> **Crawled caption data**:
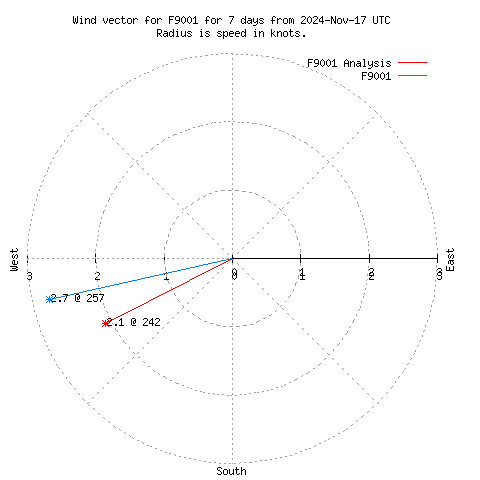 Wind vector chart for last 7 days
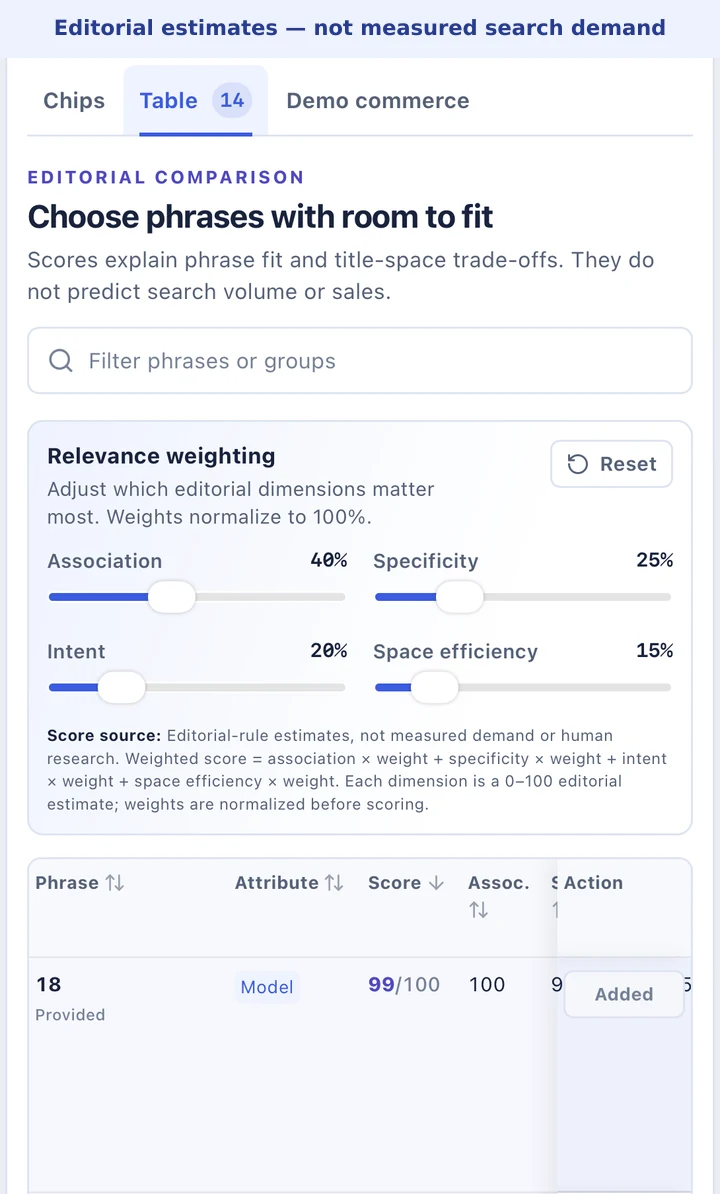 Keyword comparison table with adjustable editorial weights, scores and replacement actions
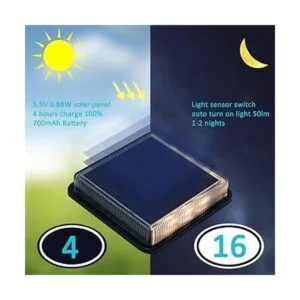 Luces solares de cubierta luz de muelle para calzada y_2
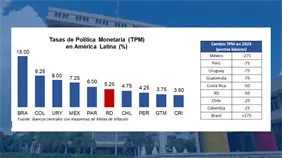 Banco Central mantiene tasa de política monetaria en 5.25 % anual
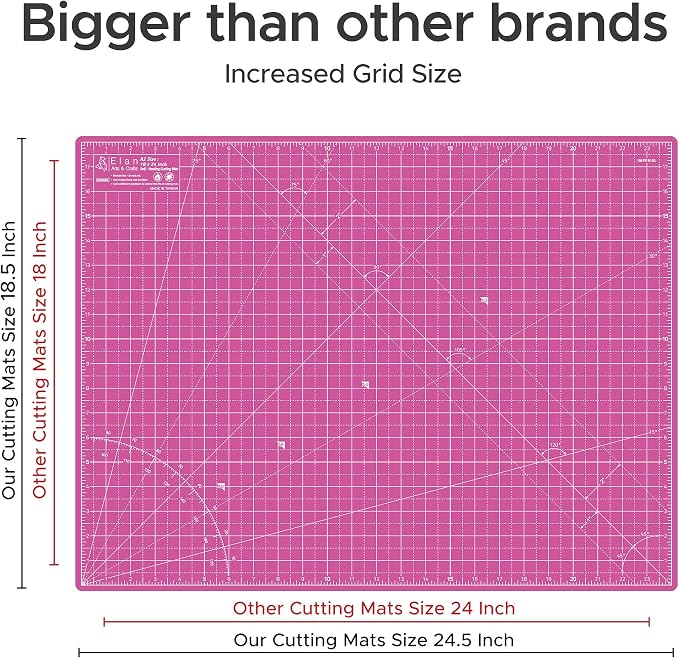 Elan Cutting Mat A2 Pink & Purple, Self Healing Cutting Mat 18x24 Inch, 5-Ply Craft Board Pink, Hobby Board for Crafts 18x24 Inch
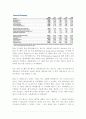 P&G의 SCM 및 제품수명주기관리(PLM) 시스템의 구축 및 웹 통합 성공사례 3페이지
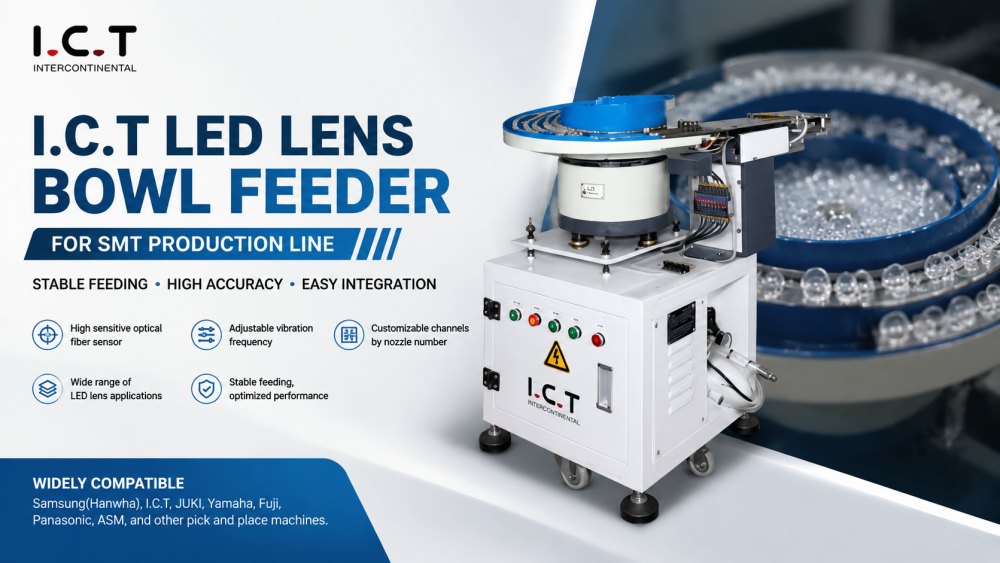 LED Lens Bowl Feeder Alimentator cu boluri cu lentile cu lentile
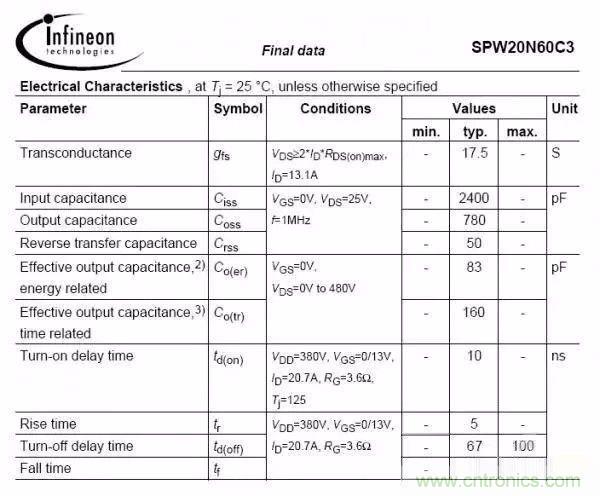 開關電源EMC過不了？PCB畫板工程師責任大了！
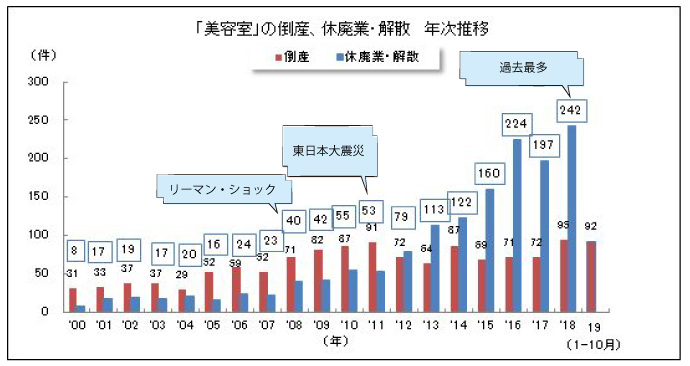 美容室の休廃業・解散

--

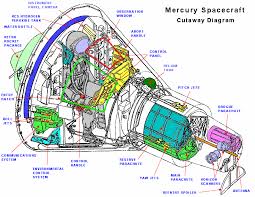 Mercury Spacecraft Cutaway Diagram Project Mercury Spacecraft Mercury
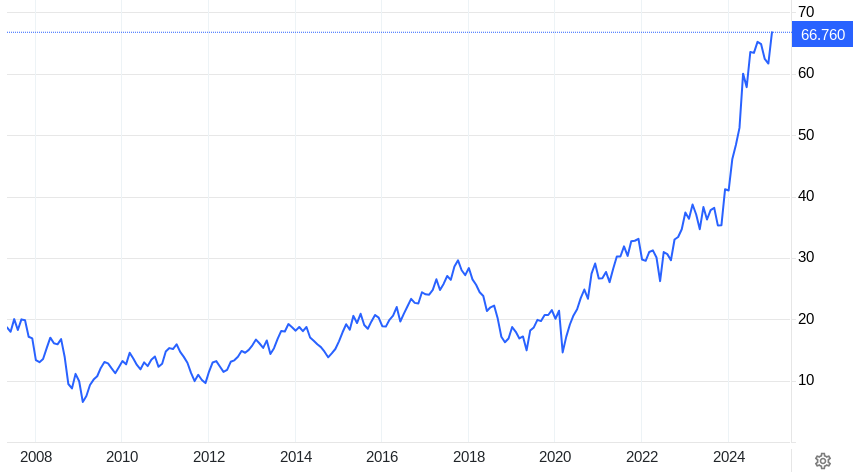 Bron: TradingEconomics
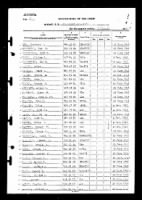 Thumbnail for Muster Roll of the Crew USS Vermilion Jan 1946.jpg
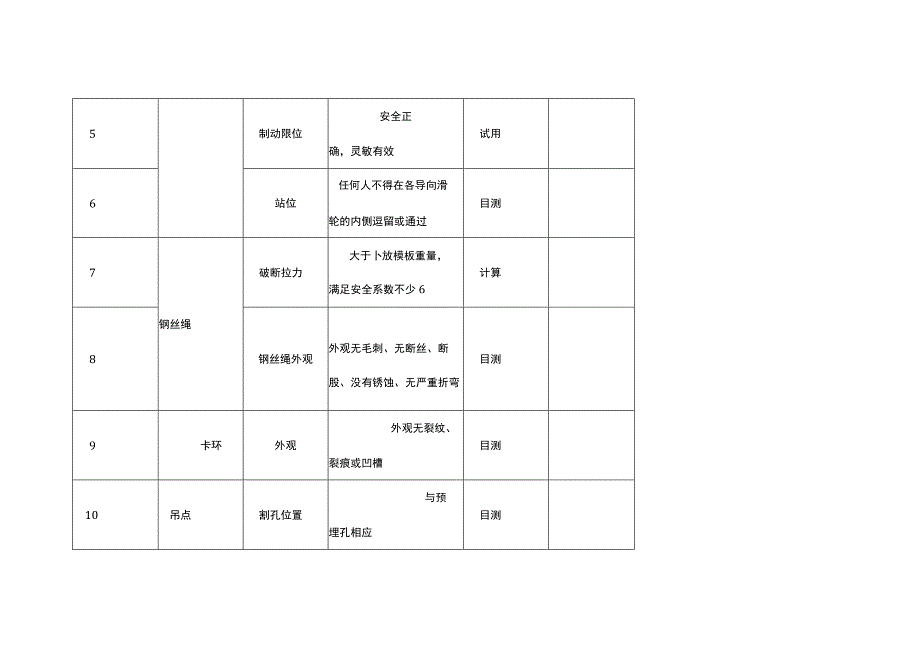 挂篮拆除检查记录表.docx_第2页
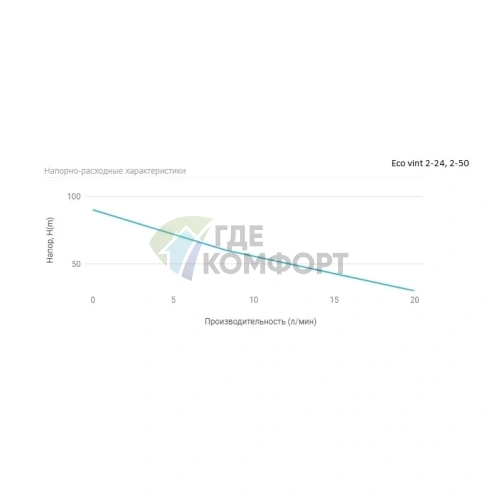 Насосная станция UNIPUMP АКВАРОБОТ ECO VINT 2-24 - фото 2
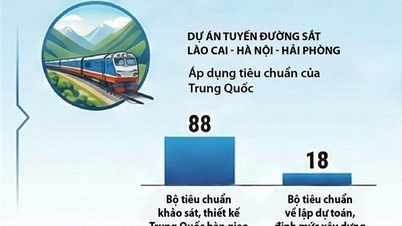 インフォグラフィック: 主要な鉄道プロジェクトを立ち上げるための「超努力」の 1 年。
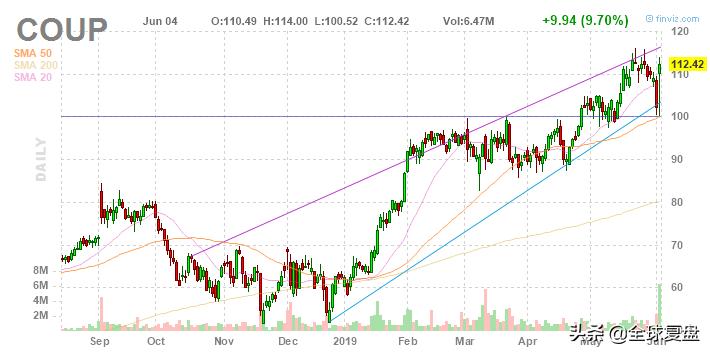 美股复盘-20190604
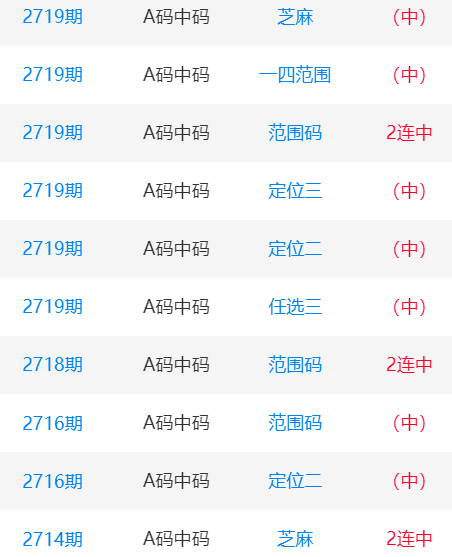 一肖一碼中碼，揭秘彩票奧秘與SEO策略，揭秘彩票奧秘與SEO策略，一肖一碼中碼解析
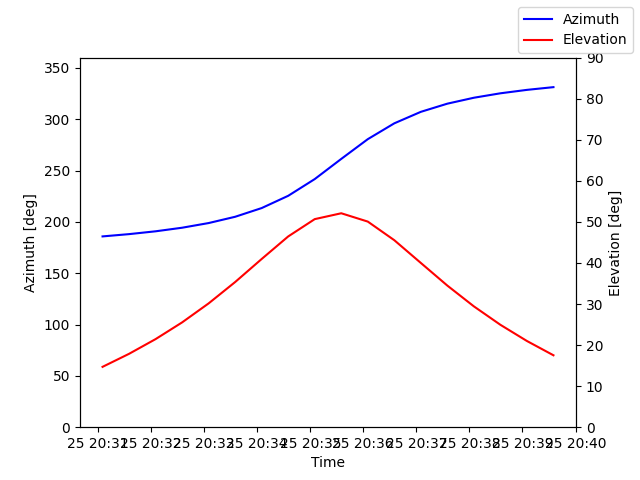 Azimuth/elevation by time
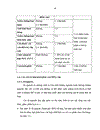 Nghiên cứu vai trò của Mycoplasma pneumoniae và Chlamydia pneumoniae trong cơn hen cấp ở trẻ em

> **Task**: Copy only these lines from the records above, exactly: the one with "美股复盘-20190604", the one with "Nghiên cứu vai", and those between. Skip the pictures.

> **Result of the task**:
 美股复盘-20190604
 一肖一碼中碼，揭秘彩票奧秘與SEO策略，揭秘彩票奧秘與SEO策略，一肖一碼中碼解析
 Azimuth/elevation by time
 Nghiên cứu vai trò của Mycoplasma pneumoniae và Chlamydia pneumoniae trong cơn hen cấp ở trẻ em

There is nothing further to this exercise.